Taking expectation of $\ln P(\sigma_{\backslash i}|\sigma_i)$ under $q(σ_i)$ :

$\mathbb{E}q[\ln P(σ_{\backslash i}|σ_i)] = \text{const} + \sum_{j\neq i}b_jσ_j + S(b_q)\sum_{j\neq i}J_{ij}σ_j + \frac{1}{2}\sum_{j,k\neq i}J_{jk}σ_jσ_k$

Where $S(b_q) = \mathbb{E}_q[σ_i] = \coth b_q - 1/b_q$ is the expected value of the $\mathcal{CB}$ , a sigmoid function of the bias (#supplementary-information-4)).

1b. Complexity term

The complexity term in eq. is simply the KL-divergence term between two $\mathcal{CB}$ distributions. For $\mathcal{CB}$ distributions:

$q(x) = \frac{b_q}{2\sinh b_q}e^{b_q x},\quad p(x) = \frac{b}{2\sinh b}e^{b x}$

• KL divergence definition:

$D_{KL} = \int_{-1}^1 q(x) \ln\frac{q(x)}{p(x)} dx = \mathbb{E}_q[\ln q(x) - \ln p(x)]$

• Expand log terms:

$\ln q(x) = \ln b_q - \ln(2\sinh b_q) + b_q x$

$\ln p(x) = \ln b - \ln(2\sinh b) + b x$

• Subtract log terms:

$\ln\frac{q(x)}{p(x)} = \ln\frac{b_q}{b} + \ln\frac{\sinh b}{\sinh b_q} + (b_q - b)x$

• Take expectation under q(x):

$D_{KL} = \ln\frac{b_q}{b} + \ln\frac{\sinh b}{\sinh b_q} + (b_q - b)\mathbb{E}_q[x]$

• Compute expectation $\mathbb{E}_q[x]$ :

$\mathbb{E}_q[x] = \int_{-1}^1 x \frac{b_q e^{b_q x}}{2\sinh b_q} dx = \frac{1}{2\sinh b_q}\left[\frac{e^{b_q x}}{b_q^2}(b_q x - 1)\right]_{-1}^1$

• Evaluate at bounds:

$= \frac{1}{2\sinh b_q}\left(\frac{e^{b_q}(b_q - 1) - e^{-b_q}(-b_q - 1)}{b_q^2}\right)$

• Simplify using hyperbolic identities:

$= \frac{(b_q \cosh b_q - \sinh b_q)}{b_q^2 \sinh b_q} = \coth b_q - \frac{1}{b_q}$

• Final substitution for the complexity term:

$D_{KL} = \ln\frac{b_q \sinh b}{b \sinh b_q} + (b_q - b)\left(\coth b_q - \frac{1}{b_q}\right)$

1c. Combining the two terms

Combining the two terms, we get the following expression for the free energy:

$F = \ln\left(\frac{b_q}{b}\right) + \ln\left(\frac{\sinh(b)}{\sinh(b_q)}\right) + (b_q - b) S(b_q) - \sum_{j \ne i} \left( b_j + S(b_q) J_{ij} \right) \sigma_j - \dfrac{1}{2} \sum_{j \ne i} \sum_{k \ne i} J_{jk} \sigma_j \sigma_k + C$

where C denotes all constants in the equation that are independent of $\sigma or b_q$ .

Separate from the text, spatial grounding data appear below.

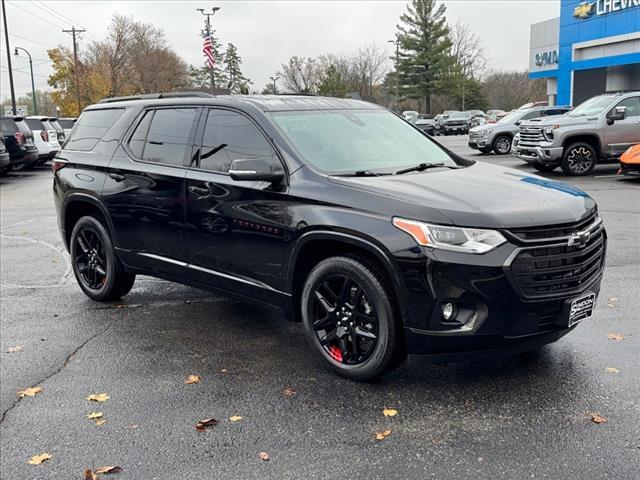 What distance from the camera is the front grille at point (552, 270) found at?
359cm

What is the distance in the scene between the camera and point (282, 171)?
4391mm

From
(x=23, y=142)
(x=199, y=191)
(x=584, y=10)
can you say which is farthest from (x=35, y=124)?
(x=584, y=10)

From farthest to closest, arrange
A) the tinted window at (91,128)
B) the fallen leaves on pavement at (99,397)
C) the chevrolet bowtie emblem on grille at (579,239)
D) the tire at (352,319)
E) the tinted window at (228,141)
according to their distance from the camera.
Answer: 1. the tinted window at (91,128)
2. the tinted window at (228,141)
3. the fallen leaves on pavement at (99,397)
4. the tire at (352,319)
5. the chevrolet bowtie emblem on grille at (579,239)

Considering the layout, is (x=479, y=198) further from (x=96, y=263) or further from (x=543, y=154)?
(x=543, y=154)

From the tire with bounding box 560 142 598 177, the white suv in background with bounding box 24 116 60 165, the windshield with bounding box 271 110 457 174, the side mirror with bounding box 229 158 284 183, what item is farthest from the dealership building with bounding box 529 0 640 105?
the side mirror with bounding box 229 158 284 183

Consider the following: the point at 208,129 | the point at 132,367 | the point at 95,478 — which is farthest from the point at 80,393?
the point at 208,129

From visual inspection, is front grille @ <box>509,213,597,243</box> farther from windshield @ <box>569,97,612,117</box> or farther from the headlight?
windshield @ <box>569,97,612,117</box>

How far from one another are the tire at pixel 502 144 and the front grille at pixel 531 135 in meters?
5.22

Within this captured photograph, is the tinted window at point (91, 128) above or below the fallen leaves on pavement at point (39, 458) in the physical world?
above

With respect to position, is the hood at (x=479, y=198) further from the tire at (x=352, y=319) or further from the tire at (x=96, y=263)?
the tire at (x=96, y=263)

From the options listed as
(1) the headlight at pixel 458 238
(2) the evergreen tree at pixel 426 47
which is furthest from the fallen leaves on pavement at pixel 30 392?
(2) the evergreen tree at pixel 426 47

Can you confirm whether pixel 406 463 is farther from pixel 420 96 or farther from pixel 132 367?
pixel 420 96

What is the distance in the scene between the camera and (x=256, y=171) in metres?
4.29

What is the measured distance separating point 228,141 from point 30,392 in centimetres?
225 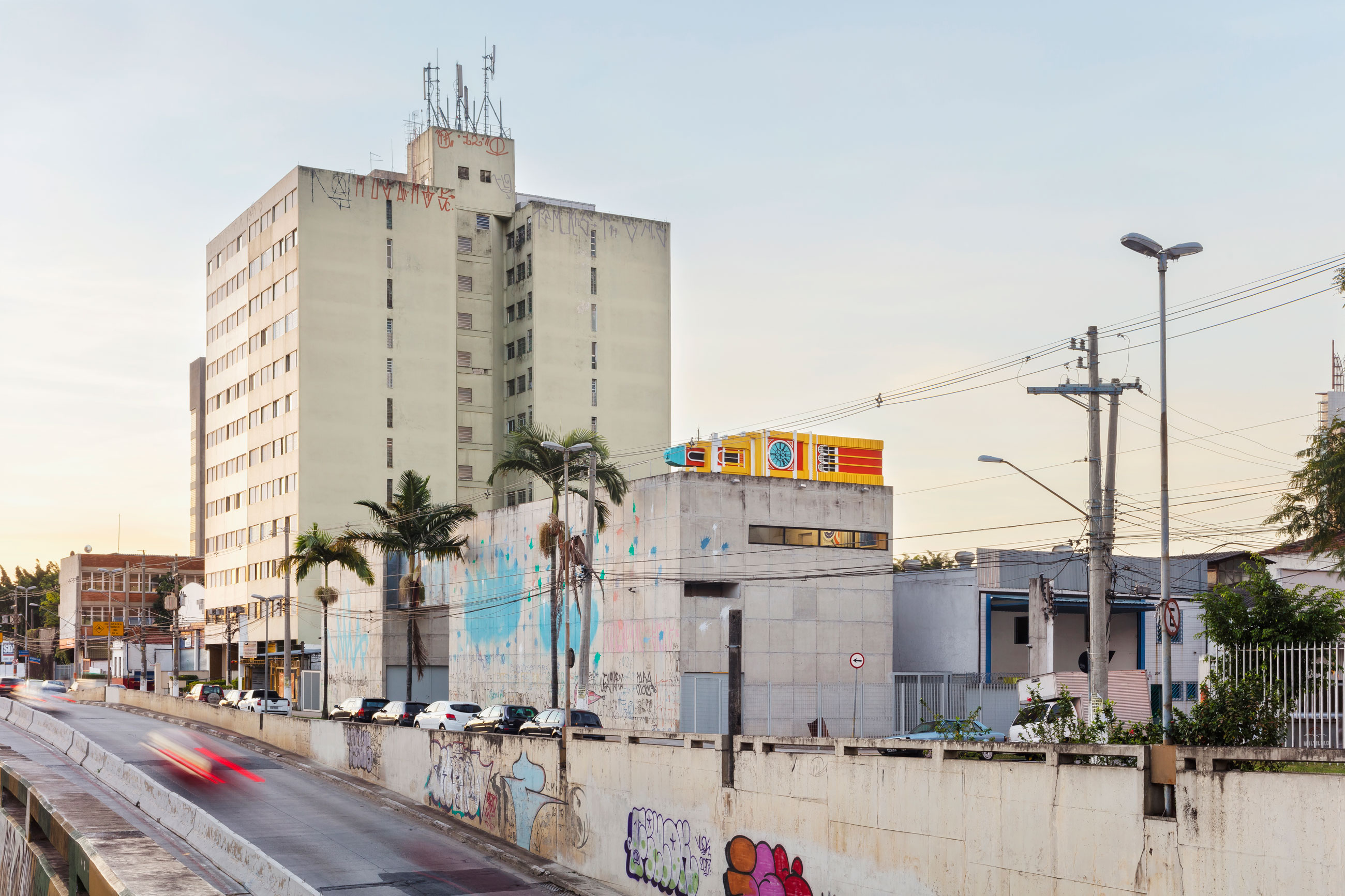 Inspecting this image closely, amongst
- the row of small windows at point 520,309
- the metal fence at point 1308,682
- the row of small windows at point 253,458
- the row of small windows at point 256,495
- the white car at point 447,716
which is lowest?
the white car at point 447,716

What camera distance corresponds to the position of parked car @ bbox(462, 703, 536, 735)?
5094cm

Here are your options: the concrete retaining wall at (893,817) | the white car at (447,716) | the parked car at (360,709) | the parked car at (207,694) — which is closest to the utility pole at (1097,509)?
the concrete retaining wall at (893,817)

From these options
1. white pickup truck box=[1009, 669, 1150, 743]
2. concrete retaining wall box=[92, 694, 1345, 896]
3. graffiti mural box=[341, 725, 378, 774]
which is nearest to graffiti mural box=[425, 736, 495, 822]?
concrete retaining wall box=[92, 694, 1345, 896]

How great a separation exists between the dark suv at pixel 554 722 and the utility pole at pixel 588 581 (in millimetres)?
3618

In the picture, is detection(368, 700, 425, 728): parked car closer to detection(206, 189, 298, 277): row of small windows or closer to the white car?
the white car

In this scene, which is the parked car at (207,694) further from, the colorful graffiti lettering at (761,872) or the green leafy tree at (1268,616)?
the green leafy tree at (1268,616)

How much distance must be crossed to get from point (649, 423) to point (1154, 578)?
53.7 meters

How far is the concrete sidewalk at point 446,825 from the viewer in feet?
109

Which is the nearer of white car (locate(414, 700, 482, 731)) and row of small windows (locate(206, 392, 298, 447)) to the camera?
white car (locate(414, 700, 482, 731))

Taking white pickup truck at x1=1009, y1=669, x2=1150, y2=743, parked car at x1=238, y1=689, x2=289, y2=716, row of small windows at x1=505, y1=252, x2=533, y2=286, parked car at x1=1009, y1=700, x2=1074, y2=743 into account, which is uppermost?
row of small windows at x1=505, y1=252, x2=533, y2=286

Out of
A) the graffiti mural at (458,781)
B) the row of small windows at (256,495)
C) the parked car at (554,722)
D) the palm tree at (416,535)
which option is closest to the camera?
the graffiti mural at (458,781)

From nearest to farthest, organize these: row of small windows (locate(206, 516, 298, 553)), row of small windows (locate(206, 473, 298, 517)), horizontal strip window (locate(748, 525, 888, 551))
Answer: horizontal strip window (locate(748, 525, 888, 551)) → row of small windows (locate(206, 516, 298, 553)) → row of small windows (locate(206, 473, 298, 517))

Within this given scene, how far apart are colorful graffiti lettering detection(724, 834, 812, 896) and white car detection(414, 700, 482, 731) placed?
2899 cm

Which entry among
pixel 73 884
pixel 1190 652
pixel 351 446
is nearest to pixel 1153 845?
pixel 73 884
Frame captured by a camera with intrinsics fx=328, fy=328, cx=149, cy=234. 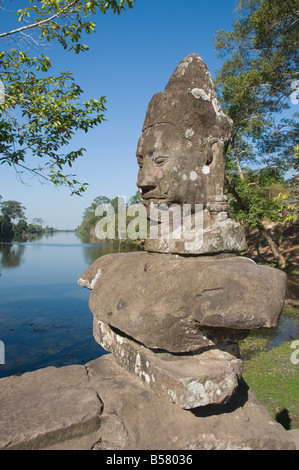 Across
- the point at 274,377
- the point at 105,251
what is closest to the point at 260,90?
the point at 274,377

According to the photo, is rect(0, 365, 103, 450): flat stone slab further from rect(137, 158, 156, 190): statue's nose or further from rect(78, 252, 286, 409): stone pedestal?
rect(137, 158, 156, 190): statue's nose

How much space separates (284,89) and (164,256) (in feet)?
45.1

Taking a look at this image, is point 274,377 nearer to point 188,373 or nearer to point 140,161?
point 188,373

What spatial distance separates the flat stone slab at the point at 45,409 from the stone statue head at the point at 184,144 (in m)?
1.69

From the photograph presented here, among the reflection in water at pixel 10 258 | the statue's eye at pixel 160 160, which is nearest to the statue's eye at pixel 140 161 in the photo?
the statue's eye at pixel 160 160

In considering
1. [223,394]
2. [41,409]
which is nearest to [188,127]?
[223,394]

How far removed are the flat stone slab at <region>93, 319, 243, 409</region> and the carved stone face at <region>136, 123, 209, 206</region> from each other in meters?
→ 1.25

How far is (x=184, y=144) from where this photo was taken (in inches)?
108

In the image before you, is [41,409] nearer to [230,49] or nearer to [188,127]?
[188,127]

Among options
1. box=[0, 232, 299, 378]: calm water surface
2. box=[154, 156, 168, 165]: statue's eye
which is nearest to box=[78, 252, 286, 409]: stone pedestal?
box=[154, 156, 168, 165]: statue's eye

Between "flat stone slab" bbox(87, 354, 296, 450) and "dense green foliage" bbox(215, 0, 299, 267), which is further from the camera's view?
"dense green foliage" bbox(215, 0, 299, 267)

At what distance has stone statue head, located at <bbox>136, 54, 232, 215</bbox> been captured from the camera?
2.73 metres

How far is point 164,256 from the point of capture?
111 inches

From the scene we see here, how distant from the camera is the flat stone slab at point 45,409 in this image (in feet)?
6.99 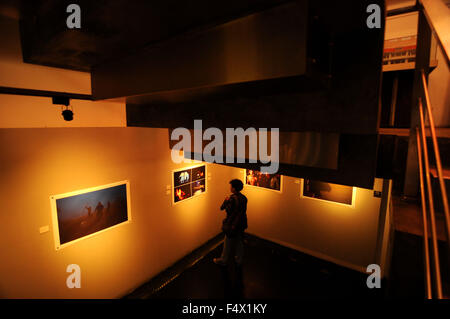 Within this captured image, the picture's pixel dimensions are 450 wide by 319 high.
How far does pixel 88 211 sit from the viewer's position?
2791mm

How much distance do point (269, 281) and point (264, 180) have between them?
2.10m

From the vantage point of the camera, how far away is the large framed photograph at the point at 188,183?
157 inches

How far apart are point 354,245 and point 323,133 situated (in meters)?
3.79

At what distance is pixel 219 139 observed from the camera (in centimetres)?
185

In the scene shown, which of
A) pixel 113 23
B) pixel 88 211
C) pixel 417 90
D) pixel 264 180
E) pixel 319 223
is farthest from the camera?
pixel 264 180

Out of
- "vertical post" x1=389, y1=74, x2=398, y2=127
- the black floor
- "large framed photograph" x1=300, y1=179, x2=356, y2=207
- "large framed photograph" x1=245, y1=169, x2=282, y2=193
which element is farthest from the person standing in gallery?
"vertical post" x1=389, y1=74, x2=398, y2=127

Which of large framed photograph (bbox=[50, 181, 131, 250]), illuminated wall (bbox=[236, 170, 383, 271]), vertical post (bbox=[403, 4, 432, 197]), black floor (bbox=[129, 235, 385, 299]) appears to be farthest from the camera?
illuminated wall (bbox=[236, 170, 383, 271])

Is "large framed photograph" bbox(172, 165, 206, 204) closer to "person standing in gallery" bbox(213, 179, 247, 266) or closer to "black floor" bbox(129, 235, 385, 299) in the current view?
"person standing in gallery" bbox(213, 179, 247, 266)

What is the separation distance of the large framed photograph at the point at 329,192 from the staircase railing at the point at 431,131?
2.47 metres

2. Free Energy partial derivative calculation

• First, we differentiate the log terms:

$\frac{\partial}{\partial b_q}\left[\ln\frac{b_q}{b} + \ln\frac{\sinh b}{\sinh b_q}\right] = \frac{1}{b_q} - \coth b_q$

• Then, the KL core term:

$\frac{\partial}{\partial b_q}\left[(b_q - b)S(b_q)\right] = S(b_q) + (b_q - b)\frac{dS}{db_q}$

• The linear terms:

$\frac{\partial}{\partial b_q}\left[-\sum_{j≠i}(b_j + S(b_q)J_{ij})\sigma_j\right] = -\sum_{j≠i}J_{ij}\sigma_j\frac{dS}{db_q}$

• The constants vanish.

• Now, combining all terms:

$\frac{\partial F}{\partial b_q} = \left(\frac{1}{b_q} - \coth b_q\right) + \left(S(b_q) + (b_q - b)\frac{dS}{db_q}\right) - \sum_{j≠i}J_{ij}\sigma_j\frac{dS}{db_q}$

• Substituting $S(b_q) = \coth b_q - 1/b_q$ :

$= \left(\frac{1}{b_q} - \coth b_q\right) + \left(\coth b_q - \frac{1}{b_q} + (b_q - b)\frac{dS}{db_q}\right) - \sum_{j≠i}J_{ij}\sigma_j\frac{dS}{db_q}$

• Cancel terms:

$\cancel{\frac{1}{b_q}} \cancel{- \coth b_q} + \cancel{\coth b_q} \cancel{- \frac{1}{b_q}} + (b_q - b)\frac{dS}{db_q} - \sum_{j≠i}J_{ij}\sigma_j\frac{dS}{db_q}$

Gives us the final derivative:

$\frac{∂F}{∂b_q} = \left(b_q - b - \sum_{j\neq i}J_{ij}σ_j\right)\frac{dS}{db_q}$

Where $\frac{dS}{db_q} = -csch^2 b_q + \frac{1}{b_q^2}$ .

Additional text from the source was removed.